By Paul Speller
I am not a teacher.
My wife is a teacher.
Both my parents were teachers (now retired).
I used to play in a cricket team with plenty of teachers in it.
I consider the teachers – and other staff – at my children’s school among my favourite people.
I’m on the school association. I go in to read with six-and-seven-year-olds. Normally I host a lunchtime storytelling club and a newspaper club.
It may sound like I want to be a teacher. But I do not.
I am aware of all the hard work involved, along with the investment – mental, emotional and physical – it takes to do the job they do, all the time knowing they are responsible for the education, wellbeing and future of numerous other people’s children.
If you are close to a teacher you know full well that six weeks in the summer is barely enough time to recover from a school year.

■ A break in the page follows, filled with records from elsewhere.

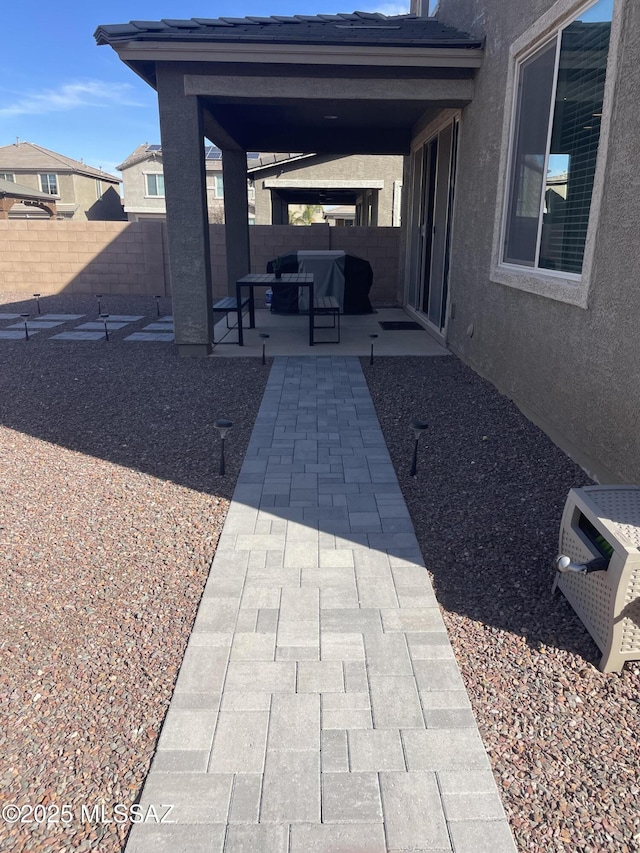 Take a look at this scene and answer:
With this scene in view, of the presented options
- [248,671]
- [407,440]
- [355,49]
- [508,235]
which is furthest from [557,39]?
[248,671]

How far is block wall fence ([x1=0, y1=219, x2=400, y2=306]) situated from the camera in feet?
48.0

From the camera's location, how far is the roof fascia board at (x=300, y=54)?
7242 millimetres

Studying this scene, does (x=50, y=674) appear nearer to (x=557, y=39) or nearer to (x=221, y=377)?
(x=221, y=377)

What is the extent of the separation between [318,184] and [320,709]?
19.9 m

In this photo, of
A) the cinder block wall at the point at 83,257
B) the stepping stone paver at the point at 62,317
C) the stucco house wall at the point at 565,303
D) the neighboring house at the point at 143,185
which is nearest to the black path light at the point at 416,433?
the stucco house wall at the point at 565,303

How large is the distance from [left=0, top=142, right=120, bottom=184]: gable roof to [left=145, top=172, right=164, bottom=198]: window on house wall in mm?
4803

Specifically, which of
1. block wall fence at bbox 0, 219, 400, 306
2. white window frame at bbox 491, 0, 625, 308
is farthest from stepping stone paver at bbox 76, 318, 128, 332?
white window frame at bbox 491, 0, 625, 308

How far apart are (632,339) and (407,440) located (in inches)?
81.9

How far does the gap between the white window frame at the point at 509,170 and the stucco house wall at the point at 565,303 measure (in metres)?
0.03

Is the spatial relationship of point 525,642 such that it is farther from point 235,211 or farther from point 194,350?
point 235,211

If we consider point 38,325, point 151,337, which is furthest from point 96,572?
point 38,325

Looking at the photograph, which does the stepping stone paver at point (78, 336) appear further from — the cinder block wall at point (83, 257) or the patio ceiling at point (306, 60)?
the cinder block wall at point (83, 257)

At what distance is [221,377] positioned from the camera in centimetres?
→ 764

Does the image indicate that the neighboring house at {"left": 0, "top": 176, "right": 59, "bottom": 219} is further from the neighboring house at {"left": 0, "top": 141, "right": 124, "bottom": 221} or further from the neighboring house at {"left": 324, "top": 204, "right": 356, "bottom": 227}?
the neighboring house at {"left": 324, "top": 204, "right": 356, "bottom": 227} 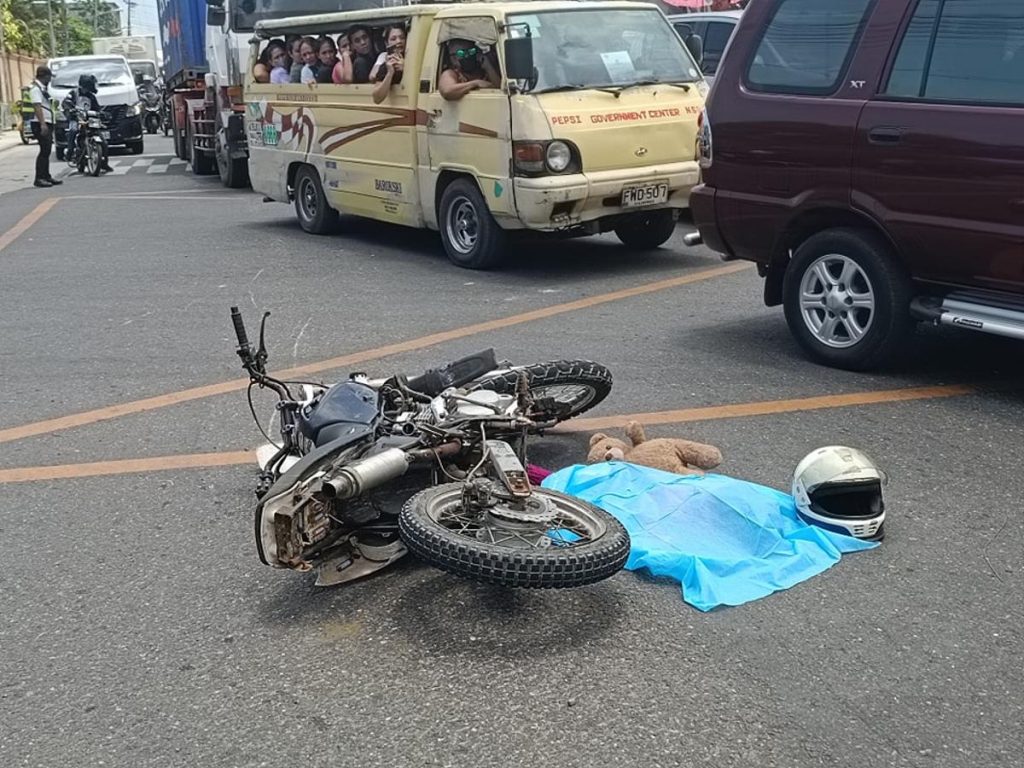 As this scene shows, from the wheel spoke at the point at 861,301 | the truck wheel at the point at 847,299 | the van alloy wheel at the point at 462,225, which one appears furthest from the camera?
the van alloy wheel at the point at 462,225

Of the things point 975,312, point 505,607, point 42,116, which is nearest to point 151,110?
point 42,116

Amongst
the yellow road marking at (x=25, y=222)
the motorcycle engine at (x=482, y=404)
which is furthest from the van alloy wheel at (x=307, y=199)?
the motorcycle engine at (x=482, y=404)

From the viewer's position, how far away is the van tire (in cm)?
934

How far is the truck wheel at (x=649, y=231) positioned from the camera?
973cm

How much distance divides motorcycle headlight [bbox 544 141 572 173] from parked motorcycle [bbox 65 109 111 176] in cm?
1337

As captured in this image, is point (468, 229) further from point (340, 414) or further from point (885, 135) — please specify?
point (340, 414)

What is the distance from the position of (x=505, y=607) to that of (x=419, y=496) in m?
0.43

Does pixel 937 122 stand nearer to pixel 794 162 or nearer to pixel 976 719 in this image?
pixel 794 162

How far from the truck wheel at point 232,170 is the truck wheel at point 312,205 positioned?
5.24 metres

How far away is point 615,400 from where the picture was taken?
5.90 meters

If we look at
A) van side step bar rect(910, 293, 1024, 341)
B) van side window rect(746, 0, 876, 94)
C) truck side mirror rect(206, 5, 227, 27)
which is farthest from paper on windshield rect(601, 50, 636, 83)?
truck side mirror rect(206, 5, 227, 27)

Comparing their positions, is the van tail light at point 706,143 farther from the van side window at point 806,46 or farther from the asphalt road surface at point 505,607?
the asphalt road surface at point 505,607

So I admire teachers, I respect them, and I am forever grateful to them.
But I am not a teacher.
And yet, here I am, now – theoretically at least – overseeing the education of my two primary school children, one in year six and one in year two. Just as many other parents are.
Those of you who are not having to supervise their children’s learning may well be sick of the sight of social media posts about the great things we’re all doing. At the moment we are seeing the fun of the daily frustrations we face, but we know that will not always be the case.
Keeping two children working on individual tasks focussed enough to allow you to talk to one while the other is occupied is no easy job. It’s hard to imagine how teachers and their support workers do that with classes of 25. Every single day.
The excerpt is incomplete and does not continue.